On Monday, Feb. 29, around 18:45, many lucky people in Scotland and the north of England witnessed something spectacular. A bright light streamed across the sky, flashing several times before fading away. You could see it as far north as Shetland and Orkney, and as far south as Newcastle. Many people posted their camera recordings online, allowing millions to see it around the world.
Was it a UFO? Was it a piece of high-tech military technology? No and no. This was a rock from space colliding with the Earth’s atmosphere. The solar system is full of this kind of debris: bits of rock and ice left over from the formation of the planets some five billion years ago, or chipped off asteroids during more recent collisions in space. The Earth encounters and sweeps up this debris all the time.

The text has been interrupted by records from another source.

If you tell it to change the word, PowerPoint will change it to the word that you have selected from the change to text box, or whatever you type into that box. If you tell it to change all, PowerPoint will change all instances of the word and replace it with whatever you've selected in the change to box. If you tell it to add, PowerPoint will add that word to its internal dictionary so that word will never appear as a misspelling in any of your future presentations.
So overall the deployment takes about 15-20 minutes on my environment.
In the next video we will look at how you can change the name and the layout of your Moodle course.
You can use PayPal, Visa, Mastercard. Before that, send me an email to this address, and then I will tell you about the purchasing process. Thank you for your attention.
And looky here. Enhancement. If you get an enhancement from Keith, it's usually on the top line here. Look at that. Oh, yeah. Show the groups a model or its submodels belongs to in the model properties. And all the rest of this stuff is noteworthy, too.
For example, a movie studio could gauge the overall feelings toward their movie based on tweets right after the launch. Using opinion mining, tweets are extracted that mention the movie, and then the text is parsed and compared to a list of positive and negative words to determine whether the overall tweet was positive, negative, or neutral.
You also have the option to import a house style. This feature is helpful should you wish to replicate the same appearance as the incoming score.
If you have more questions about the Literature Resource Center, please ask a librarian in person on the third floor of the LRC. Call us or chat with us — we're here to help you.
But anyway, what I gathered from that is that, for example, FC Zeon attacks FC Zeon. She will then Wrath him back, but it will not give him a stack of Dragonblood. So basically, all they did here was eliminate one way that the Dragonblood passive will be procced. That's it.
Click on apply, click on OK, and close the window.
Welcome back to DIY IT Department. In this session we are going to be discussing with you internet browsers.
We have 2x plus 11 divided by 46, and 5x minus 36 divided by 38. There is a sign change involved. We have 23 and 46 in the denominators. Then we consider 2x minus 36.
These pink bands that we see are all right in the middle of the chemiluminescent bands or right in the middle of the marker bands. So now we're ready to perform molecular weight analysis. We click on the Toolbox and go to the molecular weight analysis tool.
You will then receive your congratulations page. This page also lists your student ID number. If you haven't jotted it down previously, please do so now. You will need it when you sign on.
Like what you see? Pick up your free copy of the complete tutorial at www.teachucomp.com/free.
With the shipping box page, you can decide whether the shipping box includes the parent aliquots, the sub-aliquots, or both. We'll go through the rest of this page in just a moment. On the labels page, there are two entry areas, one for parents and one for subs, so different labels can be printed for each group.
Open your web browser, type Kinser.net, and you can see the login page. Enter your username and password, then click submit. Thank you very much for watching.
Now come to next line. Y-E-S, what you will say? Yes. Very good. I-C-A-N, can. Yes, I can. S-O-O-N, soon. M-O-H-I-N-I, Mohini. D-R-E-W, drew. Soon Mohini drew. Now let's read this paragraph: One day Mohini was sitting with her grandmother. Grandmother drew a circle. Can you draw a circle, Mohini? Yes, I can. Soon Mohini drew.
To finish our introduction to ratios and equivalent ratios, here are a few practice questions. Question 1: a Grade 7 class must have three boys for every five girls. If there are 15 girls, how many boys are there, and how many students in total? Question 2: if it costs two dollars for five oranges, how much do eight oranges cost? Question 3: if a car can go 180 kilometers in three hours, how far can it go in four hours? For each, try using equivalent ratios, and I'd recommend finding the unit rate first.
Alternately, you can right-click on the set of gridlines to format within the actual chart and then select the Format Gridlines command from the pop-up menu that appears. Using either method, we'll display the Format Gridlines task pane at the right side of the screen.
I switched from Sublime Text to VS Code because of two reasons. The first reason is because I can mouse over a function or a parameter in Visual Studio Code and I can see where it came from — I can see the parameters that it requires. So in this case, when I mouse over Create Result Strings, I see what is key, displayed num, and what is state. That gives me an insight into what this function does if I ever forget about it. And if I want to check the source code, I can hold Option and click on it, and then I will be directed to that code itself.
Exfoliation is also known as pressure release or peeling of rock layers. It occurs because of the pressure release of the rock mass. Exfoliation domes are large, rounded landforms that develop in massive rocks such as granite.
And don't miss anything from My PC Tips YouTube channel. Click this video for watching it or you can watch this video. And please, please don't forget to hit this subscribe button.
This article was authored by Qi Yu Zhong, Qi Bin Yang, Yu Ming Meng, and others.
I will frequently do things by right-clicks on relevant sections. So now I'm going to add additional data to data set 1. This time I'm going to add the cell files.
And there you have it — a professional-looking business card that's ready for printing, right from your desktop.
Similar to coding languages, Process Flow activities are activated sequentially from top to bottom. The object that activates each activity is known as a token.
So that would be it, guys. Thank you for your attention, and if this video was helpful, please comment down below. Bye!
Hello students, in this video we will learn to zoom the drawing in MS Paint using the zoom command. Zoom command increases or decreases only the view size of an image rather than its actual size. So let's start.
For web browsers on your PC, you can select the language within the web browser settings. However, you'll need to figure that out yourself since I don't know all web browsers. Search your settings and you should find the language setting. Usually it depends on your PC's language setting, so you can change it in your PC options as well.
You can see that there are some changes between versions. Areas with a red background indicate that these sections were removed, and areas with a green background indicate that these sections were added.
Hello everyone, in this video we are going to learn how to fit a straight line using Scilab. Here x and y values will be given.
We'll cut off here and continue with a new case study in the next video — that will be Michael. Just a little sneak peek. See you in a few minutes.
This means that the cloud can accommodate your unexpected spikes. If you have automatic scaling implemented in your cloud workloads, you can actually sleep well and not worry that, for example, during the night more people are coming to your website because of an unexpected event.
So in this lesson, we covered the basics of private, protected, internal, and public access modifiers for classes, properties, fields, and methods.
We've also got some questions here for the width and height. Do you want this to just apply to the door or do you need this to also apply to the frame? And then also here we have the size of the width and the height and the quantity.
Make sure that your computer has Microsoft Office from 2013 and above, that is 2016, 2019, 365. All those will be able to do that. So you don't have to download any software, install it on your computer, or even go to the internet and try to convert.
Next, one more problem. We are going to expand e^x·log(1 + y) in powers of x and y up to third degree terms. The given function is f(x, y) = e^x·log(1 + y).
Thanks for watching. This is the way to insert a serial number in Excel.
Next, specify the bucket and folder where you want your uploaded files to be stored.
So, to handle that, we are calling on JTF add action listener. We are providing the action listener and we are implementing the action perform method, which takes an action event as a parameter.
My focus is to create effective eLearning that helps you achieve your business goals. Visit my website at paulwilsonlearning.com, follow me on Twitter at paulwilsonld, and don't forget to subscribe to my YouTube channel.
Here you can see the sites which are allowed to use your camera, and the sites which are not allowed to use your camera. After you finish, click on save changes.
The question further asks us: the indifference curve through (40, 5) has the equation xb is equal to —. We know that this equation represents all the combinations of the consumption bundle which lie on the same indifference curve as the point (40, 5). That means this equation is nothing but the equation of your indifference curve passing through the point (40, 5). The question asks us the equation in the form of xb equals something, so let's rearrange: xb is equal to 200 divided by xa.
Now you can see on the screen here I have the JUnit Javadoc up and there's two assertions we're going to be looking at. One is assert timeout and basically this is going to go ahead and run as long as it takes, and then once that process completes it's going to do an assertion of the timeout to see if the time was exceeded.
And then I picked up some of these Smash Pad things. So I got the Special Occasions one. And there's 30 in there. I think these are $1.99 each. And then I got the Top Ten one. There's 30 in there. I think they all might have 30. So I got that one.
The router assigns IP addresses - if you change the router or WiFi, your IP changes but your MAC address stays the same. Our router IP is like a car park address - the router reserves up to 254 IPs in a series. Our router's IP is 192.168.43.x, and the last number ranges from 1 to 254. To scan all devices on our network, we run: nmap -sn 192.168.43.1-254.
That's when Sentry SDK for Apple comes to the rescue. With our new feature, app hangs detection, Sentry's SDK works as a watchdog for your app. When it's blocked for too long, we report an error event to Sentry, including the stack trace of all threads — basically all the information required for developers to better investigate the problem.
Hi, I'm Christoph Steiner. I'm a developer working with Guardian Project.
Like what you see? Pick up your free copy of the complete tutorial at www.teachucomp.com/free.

Most common are the small specks up to the size of a grain of sand that produce brief flashes of light—a shooting star or meteor—when they encounter the Earth’s atmosphere and burn up. If you stand outside and watch the sky on a clear dark night, you should be able to spot several of these every hour. If you’re really lucky you might see a meteor shower, when the Earth is moving through the path of a comet that has left a trail of dust and rock behind after its icy material has been evaporated away by the sun’s heat.
Fireball February
When larger pieces of space debris such as the Scottish one stray into the Earth’s atmosphere, they produce more spectacular meteors as they burn up. These are known as fireballs or “bolides.” Judging from the footage online, Scotland witnessed one of about 10cm in diameter. It will have been moving at roughly 30km/second, burning up from the friction with the air as it plunged through. Some of the recordings show it breaking into dozens of smaller pieces before finally fading away. Sometimes this can produce meteorites—bits of rock that manage to survive their fiery descent and hit the ground—but apparently not in this case.